┌──
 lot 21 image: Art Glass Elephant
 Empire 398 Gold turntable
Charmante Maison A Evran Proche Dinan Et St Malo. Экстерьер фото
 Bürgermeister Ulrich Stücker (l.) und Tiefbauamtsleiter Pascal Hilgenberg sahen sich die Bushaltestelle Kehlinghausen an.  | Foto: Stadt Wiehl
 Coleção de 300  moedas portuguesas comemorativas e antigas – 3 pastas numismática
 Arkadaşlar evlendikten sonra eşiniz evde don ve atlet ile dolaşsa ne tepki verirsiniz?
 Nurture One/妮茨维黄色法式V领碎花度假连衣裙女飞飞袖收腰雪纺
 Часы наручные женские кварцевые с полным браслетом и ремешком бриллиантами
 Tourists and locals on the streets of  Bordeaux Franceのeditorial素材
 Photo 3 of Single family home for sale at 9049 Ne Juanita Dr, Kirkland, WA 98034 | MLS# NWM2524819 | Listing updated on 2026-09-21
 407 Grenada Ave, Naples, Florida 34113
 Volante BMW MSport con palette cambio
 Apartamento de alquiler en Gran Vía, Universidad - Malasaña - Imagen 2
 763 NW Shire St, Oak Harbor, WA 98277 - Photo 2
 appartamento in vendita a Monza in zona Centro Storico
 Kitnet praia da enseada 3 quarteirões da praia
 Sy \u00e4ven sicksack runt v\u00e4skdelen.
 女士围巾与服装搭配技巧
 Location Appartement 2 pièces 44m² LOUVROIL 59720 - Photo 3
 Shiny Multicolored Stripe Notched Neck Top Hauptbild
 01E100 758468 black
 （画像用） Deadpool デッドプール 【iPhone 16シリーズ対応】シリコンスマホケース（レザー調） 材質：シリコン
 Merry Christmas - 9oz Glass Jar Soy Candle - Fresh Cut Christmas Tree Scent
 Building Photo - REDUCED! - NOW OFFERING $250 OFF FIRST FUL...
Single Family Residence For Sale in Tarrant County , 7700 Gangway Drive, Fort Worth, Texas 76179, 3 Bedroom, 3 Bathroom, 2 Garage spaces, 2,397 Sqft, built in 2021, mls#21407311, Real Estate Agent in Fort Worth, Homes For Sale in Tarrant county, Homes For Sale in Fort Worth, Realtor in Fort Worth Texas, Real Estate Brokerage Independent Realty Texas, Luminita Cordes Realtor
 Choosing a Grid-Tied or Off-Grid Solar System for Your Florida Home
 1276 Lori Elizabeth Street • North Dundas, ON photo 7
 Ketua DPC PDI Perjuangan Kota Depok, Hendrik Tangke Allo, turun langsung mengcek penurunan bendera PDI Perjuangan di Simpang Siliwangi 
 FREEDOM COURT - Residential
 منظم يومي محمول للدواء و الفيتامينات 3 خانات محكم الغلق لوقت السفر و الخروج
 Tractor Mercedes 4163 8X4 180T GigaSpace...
└──
** Task **
Reproduce the records above in full, without altering a single character.

** Output of the task **
 lot 21 image: Art Glass Elephant
 Empire 398 Gold turntable
Charmante Maison A Evran Proche Dinan Et St Malo. Экстерьер фото
 Bürgermeister Ulrich Stücker (l.) und Tiefbauamtsleiter Pascal Hilgenberg sahen sich die Bushaltestelle Kehlinghausen an.  | Foto: Stadt Wiehl
 Coleção de 300  moedas portuguesas comemorativas e antigas – 3 pastas numismática
 Arkadaşlar evlendikten sonra eşiniz evde don ve atlet ile dolaşsa ne tepki verirsiniz?
 Nurture One/妮茨维黄色法式V领碎花度假连衣裙女飞飞袖收腰雪纺
 Часы наручные женские кварцевые с полным браслетом и ремешком бриллиантами
 Tourists and locals on the streets of  Bordeaux Franceのeditorial素材
 Photo 3 of Single family home for sale at 9049 Ne Juanita Dr, Kirkland, WA 98034 | MLS# NWM2524819 | Listing updated on 2026-09-21
 407 Grenada Ave, Naples, Florida 34113
 Volante BMW MSport con palette cambio
 Apartamento de alquiler en Gran Vía, Universidad - Malasaña - Imagen 2
 763 NW Shire St, Oak Harbor, WA 98277 - Photo 2
 appartamento in vendita a Monza in zona Centro Storico
 Kitnet praia da enseada 3 quarteirões da praia
 Sy \u00e4ven sicksack runt v\u00e4skdelen.
 女士围巾与服装搭配技巧
 Location Appartement 2 pièces 44m² LOUVROIL 59720 - Photo 3
 Shiny Multicolored Stripe Notched Neck Top Hauptbild
 01E100 758468 black
 （画像用） Deadpool デッドプール 【iPhone 16シリーズ対応】シリコンスマホケース（レザー調） 材質：シリコン
 Merry Christmas - 9oz Glass Jar Soy Candle - Fresh Cut Christmas Tree Scent
 Building Photo - REDUCED! - NOW OFFERING $250 OFF FIRST FUL...
Single Family Residence For Sale in Tarrant County , 7700 Gangway Drive, Fort Worth, Texas 76179, 3 Bedroom, 3 Bathroom, 2 Garage spaces, 2,397 Sqft, built in 2021, mls#21407311, Real Estate Agent in Fort Worth, Homes For Sale in Tarrant county, Homes For Sale in Fort Worth, Realtor in Fort Worth Texas, Real Estate Brokerage Independent Realty Texas, Luminita Cordes Realtor
 Choosing a Grid-Tied or Off-Grid Solar System for Your Florida Home
 1276 Lori Elizabeth Street • North Dundas, ON photo 7
 Ketua DPC PDI Perjuangan Kota Depok, Hendrik Tangke Allo, turun langsung mengcek penurunan bendera PDI Perjuangan di Simpang Siliwangi 
 FREEDOM COURT - Residential
 منظم يومي محمول للدواء و الفيتامينات 3 خانات محكم الغلق لوقت السفر و الخروج
 Tractor Mercedes 4163 8X4 180T GigaSpace...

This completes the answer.